Lawrence Stone, a renowned social historian of early-modern England and founding director of the Shelby Cullom Davis Center for Historical Studies at Princeton, died June 16 at his home in Princeton. He was 79 and had been suffering from Parkinson's disease.

Stone said his research interests spanned "the turbulent centuries that carried England from the War of the Roses through the Tudor regime to the Cromwellian Revolution and beyond into the 18th century." His classes at Princeton included an undergraduate course on England from 1470 to 1690 and graduate seminars on the coming of the English Revolution and on England from 1660 to 1770.

Born in England, Stone earned his B.A. and M.A. degrees from Oxford in 1946 and remained there until 1962. He joined the Princeton faculty in 1963 as Dodge Professor of History and gained emeritus status in 1990. He served as department chair from 1967 to 1970, and in 1968 was named director of the new Davis Center, which was established to provide a focal point for historical research, to encourage innovation in teaching, and to stimulate intellectual exchange.

Professor of European History Robert C. Darnton said Stone "set the pace in what emerged in the 1960s as the new social history, and he remained our preeminent historian until the day of his death." 


Two promoted to tenure

At its May meeting, the Board of Trustees promoted Vincanne Adams of the anthropology department and Shaun E. Marmon *90 of the religion department to tenured associate professor.

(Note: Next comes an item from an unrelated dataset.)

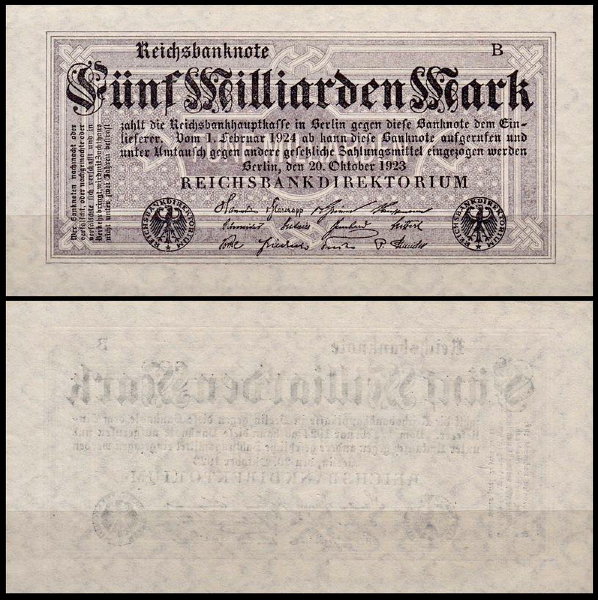 Германия 5.000.000.000 марок 1923 UNC P.123b Вариант 2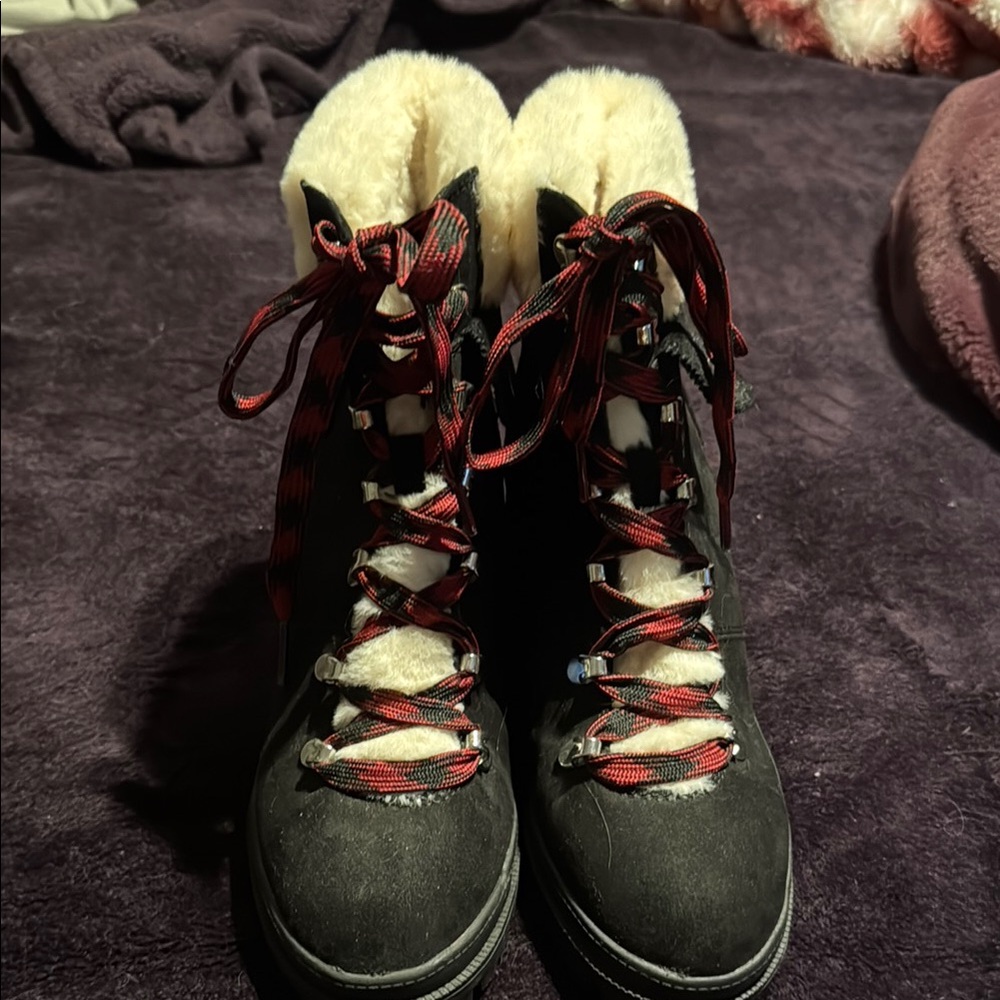 Women's Black and Red Lace-Up Boots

Adams, a medical anthropologist, specializes in ethnomedicine, the study of non-Western medical systems, and the social politics of health and healing. She teaches courses on medical anthropology, and transnational culture and power. Adams earned her Ph.D. at the University of California, Berkeley, in 1989. She came to Princeton in 1992.

Marmon's field is Islamic history and religion with a focus on the culture of the Mamluk Empire. Her teaching interests include Islamic religion and culture, holy war and martyrdom, and gender and sexuality within the Islamic tradition. Marmon earned her Ph.D. from Princeton in 1990 and joined the faculty in 1992. Her The Quality of Mercy: Intercession and Personal Honor in an Islamic Society will be published next year by Oxford University Press.